Discussion in 'Truck & Equipment Repair' started by Ferrisdiesel, Nov 30, 2010.

  1. Ferrisdiesel

    Ferrisdiesel Member
    Messages: 42

    Hey guys,
    In the past couple of years I have learned how to weld with my grandfathers old Lincoln stick welder. I have gotten pretty good at it, and I want to buy a welder of my own. Everyone I talk to says that mig welding is the way to go......I would love to get a mig welder, but im not sure what size to get. I would be using it to weld up the plow and the log splitter, nothing more than 1/2 inch???

    My question to all the welders out there:

    What size welder do I need for this?

    Can I use a mig for this? Do I need gas for this or would flex core wire be ok?

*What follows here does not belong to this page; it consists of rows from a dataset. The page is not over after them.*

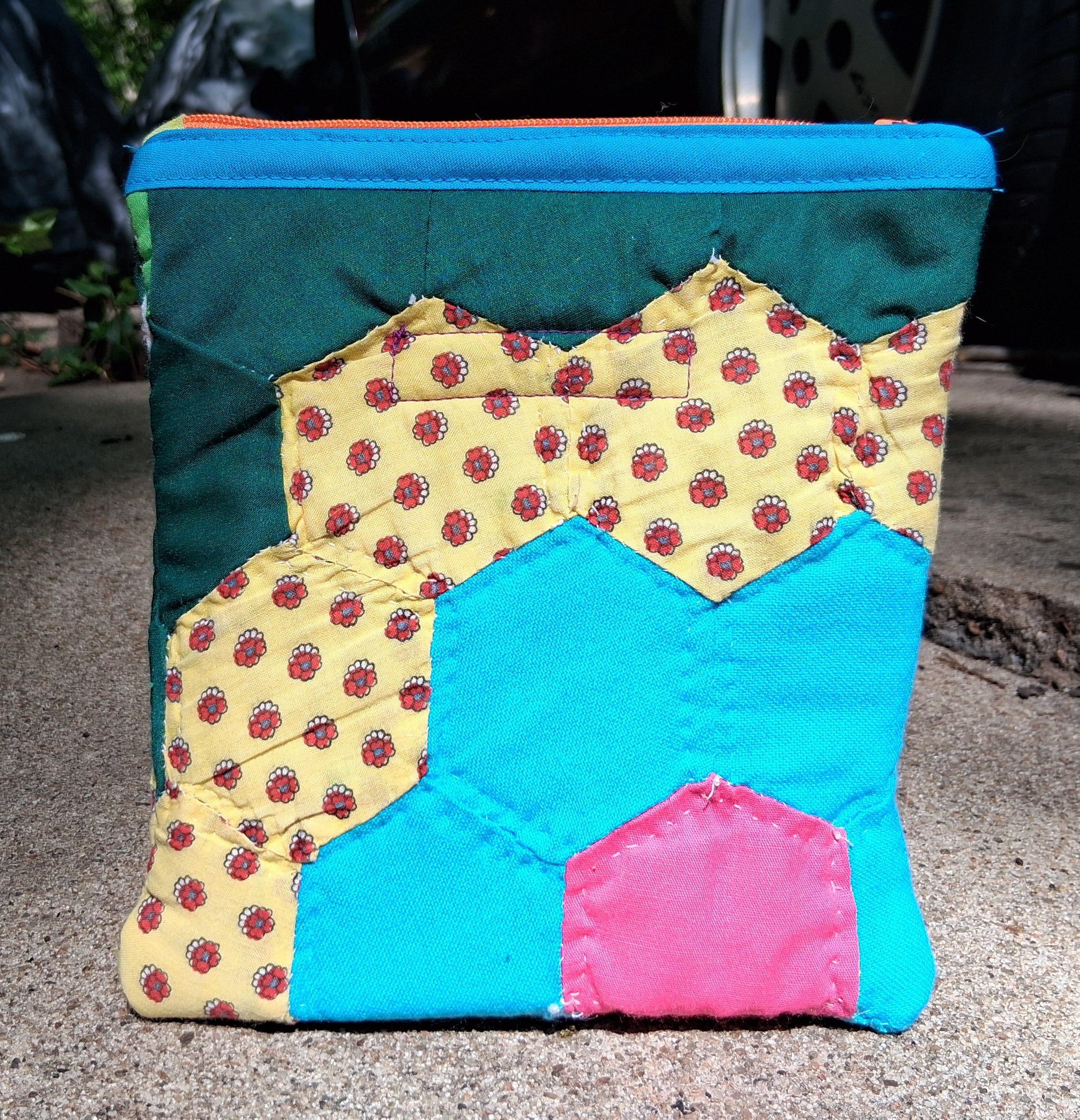 Flower quilted zipper pouch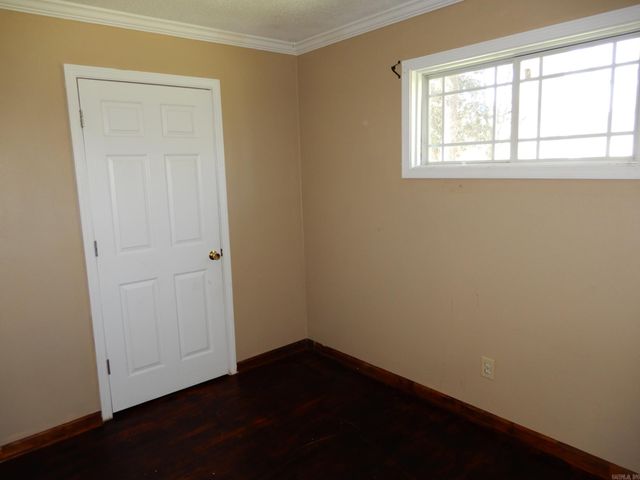 901 West, Kensett, AR 72082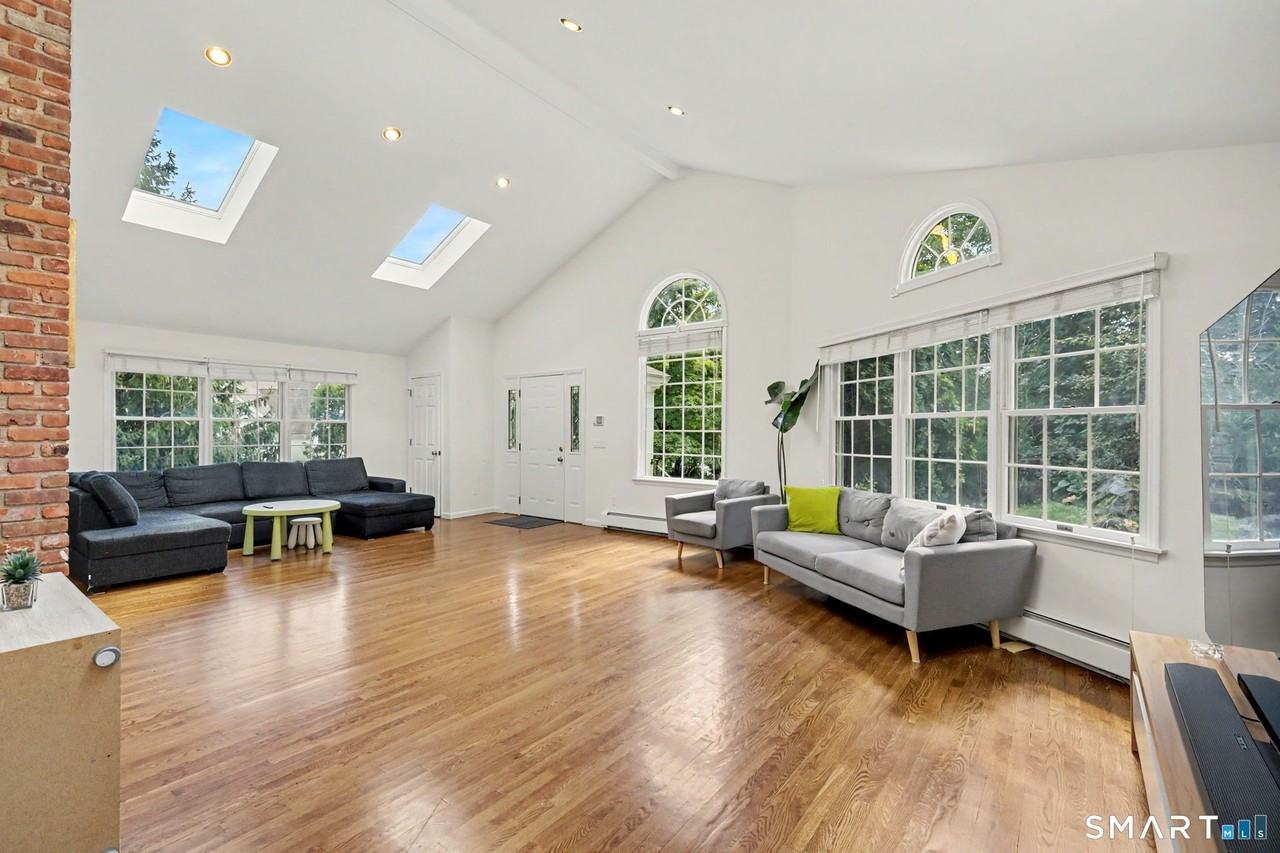 115 Parade Hill Rd #A - Photo 6 of 21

    I'm just not sure what to get, any help would be great
  2. dave_dj1

    dave_dj1 Senior Member
    from NY
    Messages: 358

    I'm no welder but, I have a Hobart 180 handler and I love it, does everything I ask it to do. I use the gas, get the large bottle so you don't have to refill it all the time.
    The new version is a 185 Handler I believe, the price is right, they will sell you what ever size tank you want, just trade it in when empty and pay for the gas. I do business with Tractor supply.
    I also learned to weld on a buzz box and thank god I don't ever have to use it again! LOL
    good luck!
  3. mwalsh9152

    mwalsh9152 Senior Member
    Messages: 434

    I'm no welder either, but every trade welder that I know uses stick or tig, not a mig.
  4. shovelracer

    shovelracer Senior Member
    Messages: 525

    Stick is great for big welds. Mig is much easier to use IMO. Mig isn't going to blast out a 1/2" weld easily though. When you get into bigger jobs like that you shouldn't be running big passes anyways. Instead you should be running a series of smaller passes. Aside from the different techniques each has they have different uses. Stick is good cause you can get different sticks for different materials. Mig will give a much more precise weld with less work, but does not have the capacity for heavier work. Tig is just a whole different animal. That is good for super precise work and properly done requires little afterwork.

    With any welder you need to look at your job and the power supply. Do you have 240v at your station? Do you need it to be portable?

    If you are only welding plows and log splitters a stick should be fine. If you want to weld tubing or sheet metal a mig would be better.

    I have access to a medium-large stick, a hobart 140, and a 240v lincoln. By far the most used is my hobart. It is also the only machine that I can take to the equipment instead of the other way around, which is important.